Friday, 27 de December de 2024 ISSN 1519-7670 - Ano 24 - nº 1319

Paula Cesarino Costa

Não há amizade, casamento ou negócio que sobreviva a gravações ou escutas telefônicas feitas em sigilo. Daí ser previsível o alvoroço entre políticos com a ampla divulgação de conversas a partir de gravações de aliado que se tornou colaborador da Justiça na apuração de crimes.

A partir da edição de segunda (23), a Folha trouxe importantes revelações sobre os meandros da política ao publicar trechos de gravações de conversas de cardeais do PMDB e do governo Michel Temer.

O repórter Rubens Valente descobriu que o ex-presidente da Transpetro Sérgio Machado –político experiente próximo da cúpula do PMDB e longa folha de serviços prestados a governos petistas e tucanos– estava em negociação para se tornar colaborador da Lava Jato.

Valente, repórter investigativo premiado, teve acesso a uma série de conversas que o próprio Machado havia gravado. A cada dia publicou uma. No final da semana, a TV Globo divulgou outras gravações.

Colaboração premiada é uma técnica de investigação que consiste na oferta de benefícios pelo Estado àquele que confessar e dar informações úteis ao esclarecimento de fato delituoso. Tornou-se mais comum referir-se a ela como delação premiada, apesar da imprecisão do termo.

Do ponto de vista estritamente jornalístico, a publicação das gravações trouxe à tona questões limítrofes. O jornal deveria ter explicitado como obteve acesso às gravações? Obteve todas de uma só vez e decidiu publicá-las em edições subsequentes? O jornal pode ter sido manipulado?

A primeira reportagem pecou por limitar-se a informar que a conversa de Machado com o então ministro Romero Jucá foi gravada de “forma oculta”. Só depois da publicação o leitor soube que eram gravações feitas por Machado com o objetivo de obter acordo de colaboração.

Um leitor lembrou que, na ocasião da divulgação da delação de Delcídio do Amaral, Dilma Rousseff queixou-se de “vazamentos seletivos”. Esses também não seriam?

Vazamentos, no meu entender, são sempre seletivos. Sejam documentos, gravações, relatos ou descrições de estado de espírito. Cabe ao repórter não se limitar a eles e sair a campo à busca de confirmações, conexões e desdobramentos. Investigar os interesses de quem forneceu a informação. Não basta relatar uma escuta. O jornal tem de buscar meios de esmiúça-la e avançar em investigações próprias.

Quase nunca as 24 horas que separam uma edição impressa de outra são o tempo necessário para esclarecer um tema. O importante é o compromisso com a investigação noticiosa equilibrada a longo prazo. Se levarem à queda de um ministro ou de um governo, terá sido por fragilidades destes e robustez daquela.

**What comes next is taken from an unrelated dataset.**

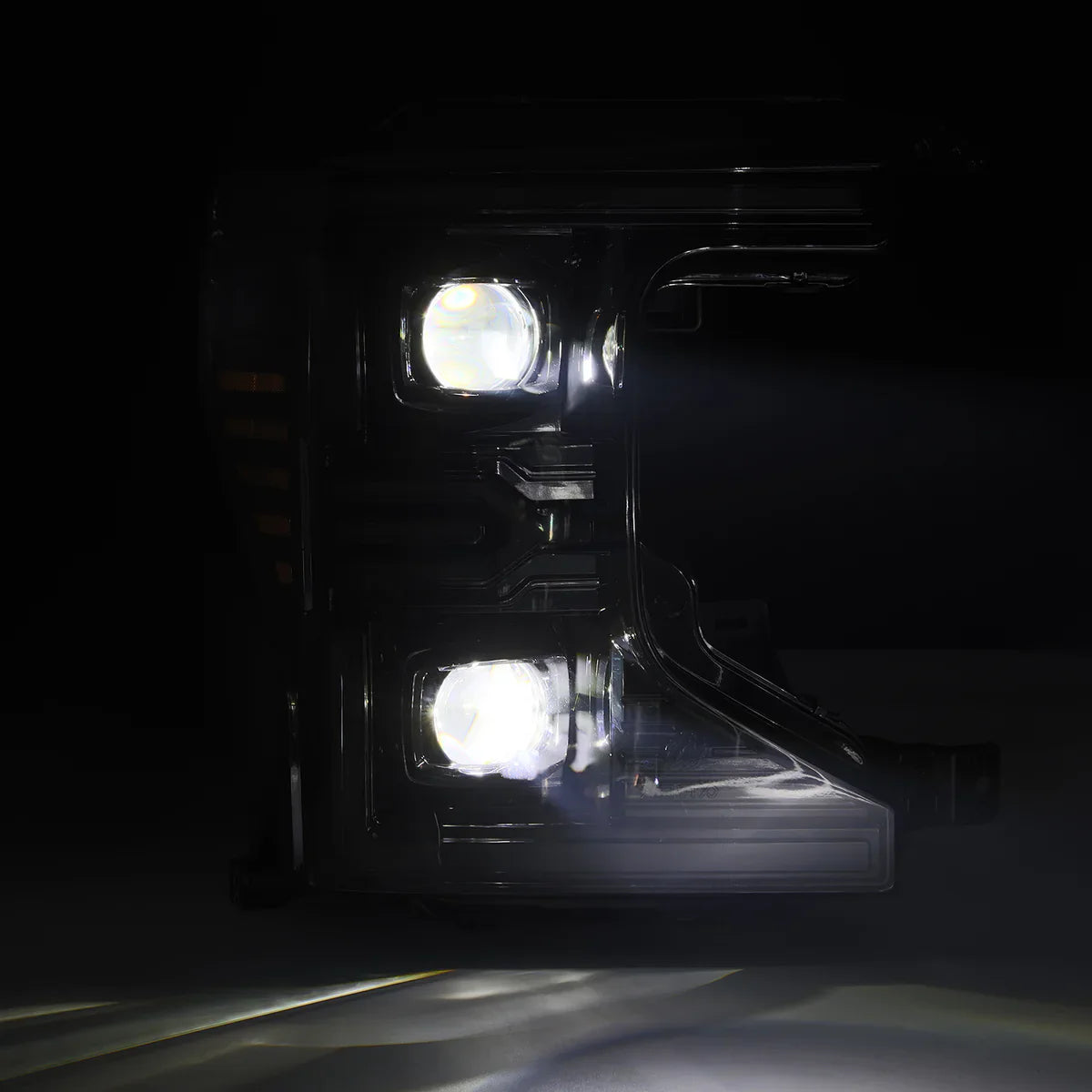 AlphaRex 20-22 Ford Super Duty LUXX-Series LED Projector Headlights Black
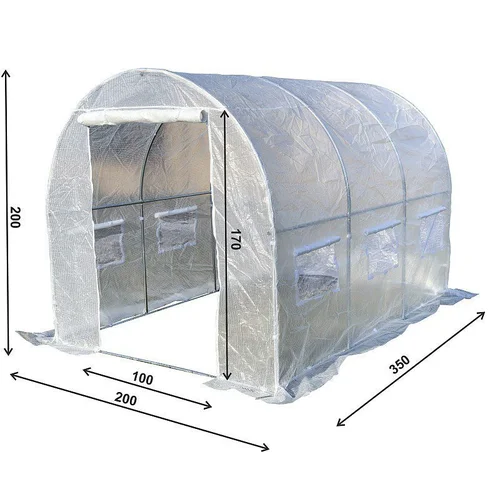 Šiltnamis su armuota plėvele, 7 m2, 2 x 3,5 m, baltas image 3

EM BUSCA DO JORNAL DO FUTURO

Em meio a tantas incertezas sobre o futuro do jornalismo, torna-se consensual que terá de mudar. Como e para onde ninguém tem uma resposta clara e precisa.

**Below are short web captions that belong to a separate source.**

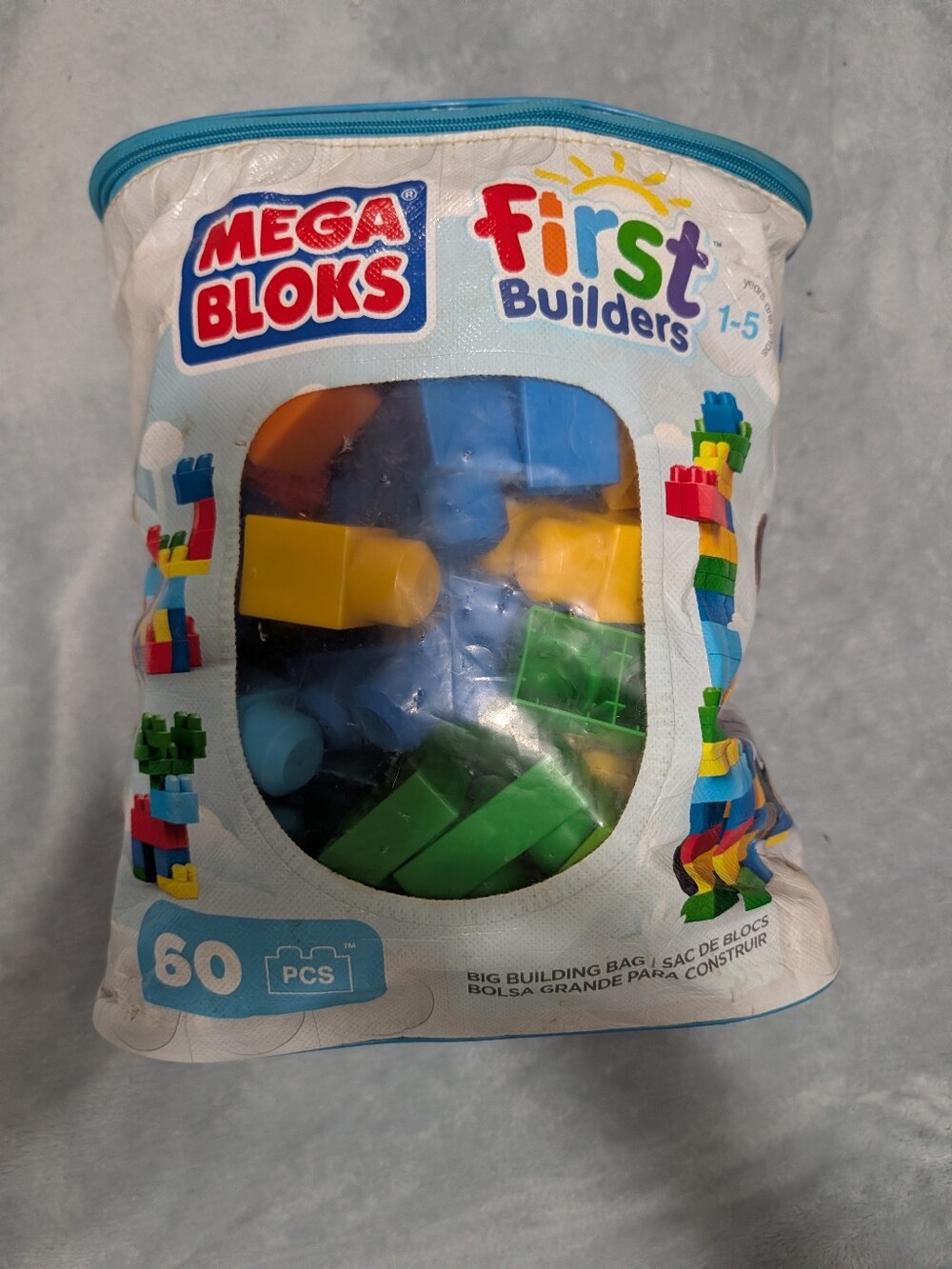 Mega Bloks First Builders 60-Piece Building Set in Blue, Green & Yellow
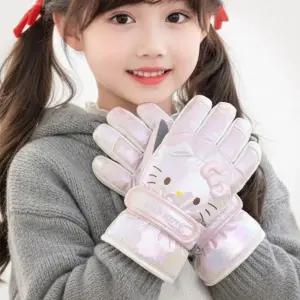 헬로키티 샤인 빅페이스 입체 방한장갑스키 캐릭터 어린이 겨울 손가락 아동 여아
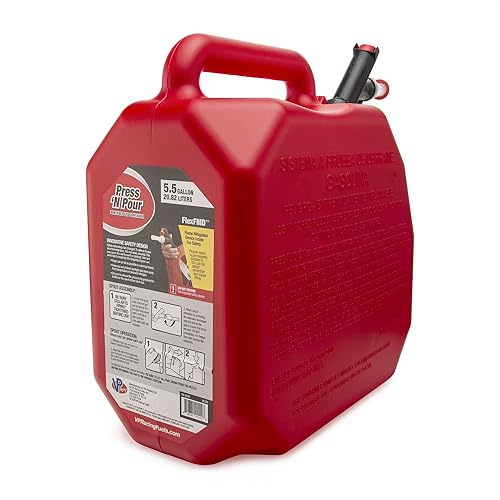 VP Racing 3839 Press \'N Pour Gas Can Red, 5.5 Gallon - 1 Pack - Thumbnail 4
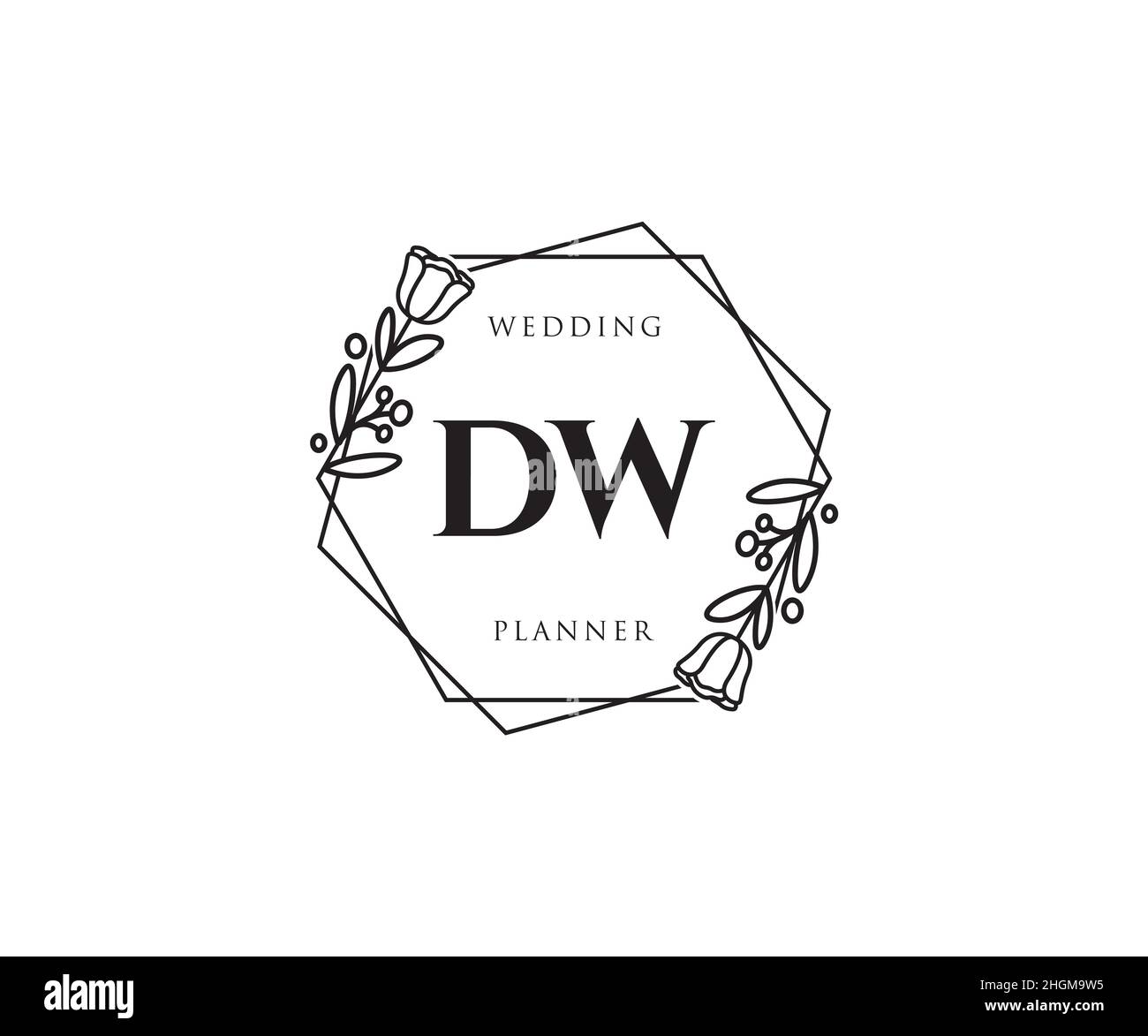Logo DW femminile. Utilizzabile per la natura, salone, centro benessere, cosmetici e loghi di bellezza. Elemento modello di disegno con logo a vettore piatto. Illustrazione Vettoriale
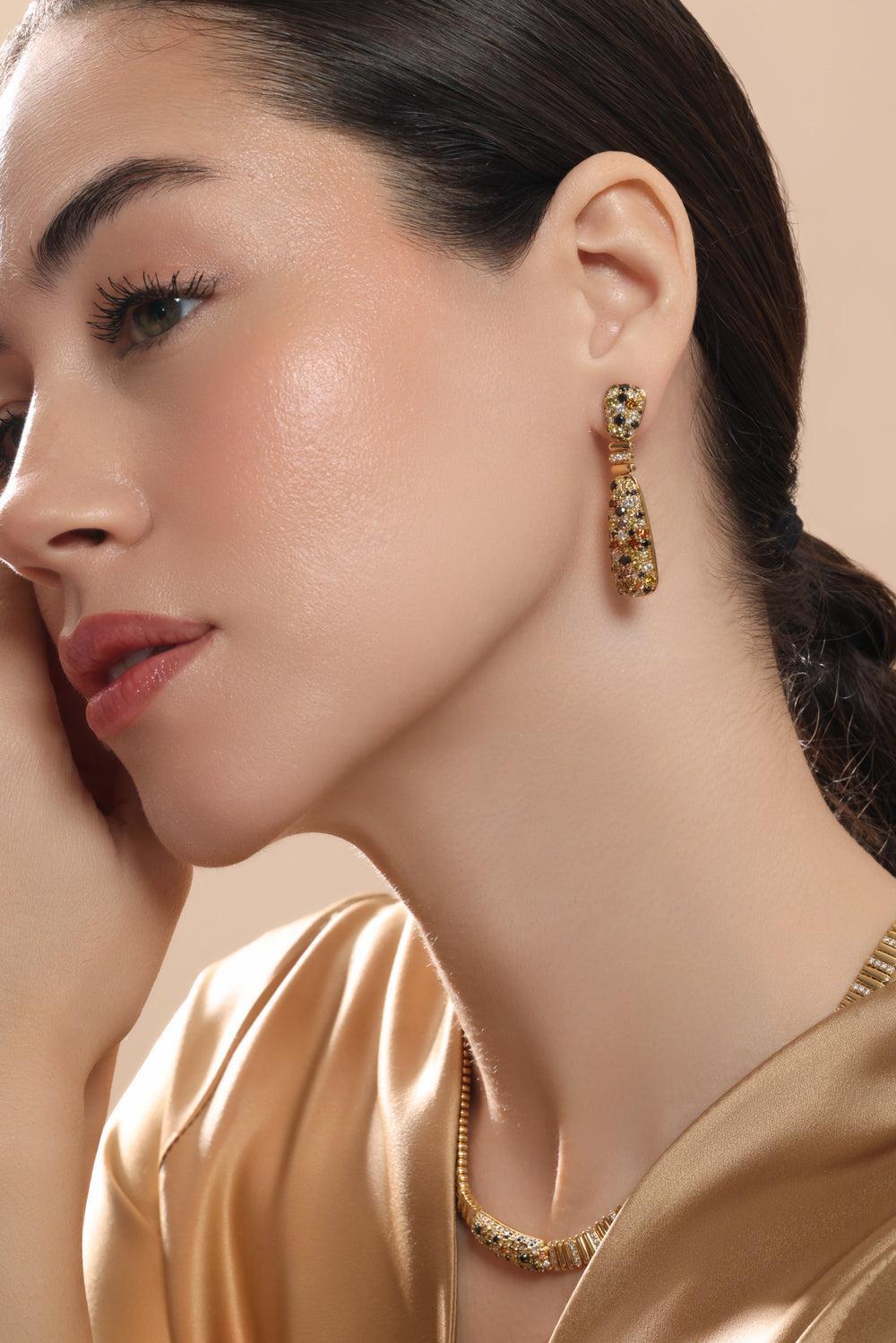 Diamond Mixed Pillar Earrings-YELLOW GOLD-JEWELRYFINE JEWELEARRING-SUTRA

Mais importante jornal do mundo, “The New York Times” montou grupo para alinhavar mudanças que quer implantar até 2020. Na semana passada, memorando interno listou indicações valiosas. Menos reportagens superficiais, feitas apenas “para registro”. Menos notícias tradicionais. Menos textos empolados. Mais formas de contar histórias. Mais histórias visuais.

Cada peça da engrenagem do jornal terá de ser reajustada.

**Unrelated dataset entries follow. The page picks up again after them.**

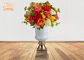 گلدان های میز فایبرگلاس سفید با سایز دو اندازه با پایه پایه طلا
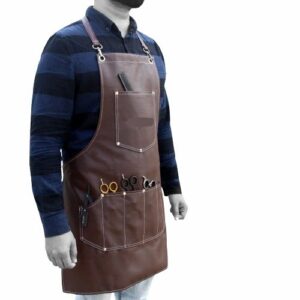 Leather Styling Apron (Green/ Dark Brown)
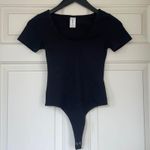 Abound  Organic Cotton Scoop Neck Thong Bodysuit Black XXS Photo 0
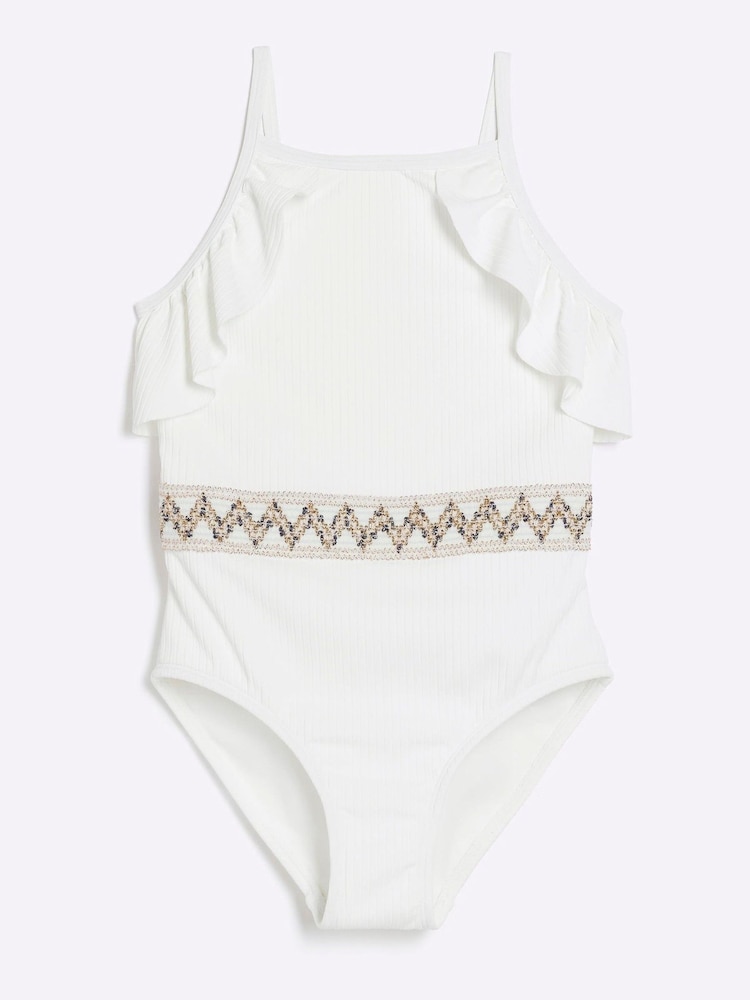 River Island White Girls Ombre Glitter Swimsuit - Image 1 of 6 River Island White Girls Ombre Glitter Swimsuit - Image 1 of 6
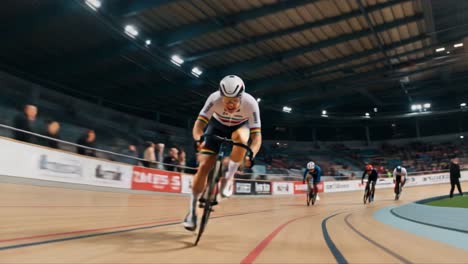 intense competition unfolds on the velodrome as cyclists push their limits in a high-speed race for victory and glory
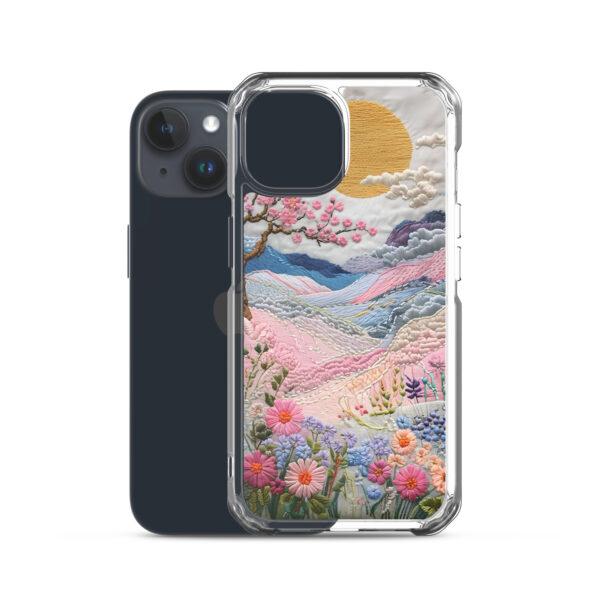 Cherry Blossom Embroidery Phone Case - Vibrant Landscape Art on Clear Case for iPhone® - Image 39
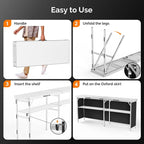 VINGLI 78" Portable Bar Table, 2-Tier Shelves, Mobile Bar Table - Image 5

Repórteres terão maior responsabilidade na busca de estratégias para que suas narrativas sejam lidas ou assistidas.

Para o “NYT”, a atribuição dos editores, num futuro próximo, não será se preocupar com o preenchimento do espaço das páginas da edição impressa. Devem se preocupar com a qualidade jornalística e narrativa, empenhando-se em encontrar as melhores maneiras de contar histórias em múltiplos meios.

O jornal planeja criar um grupo de editores e diagramadores com a missão exclusiva de adequar o produzido para a amplidão do jornalismo digital para o impresso.
A lógica será invertida.

Em última análise, o objetivo é criar uma redação que seja mais ágil e menos sobrecarregada com inchaço burocrático.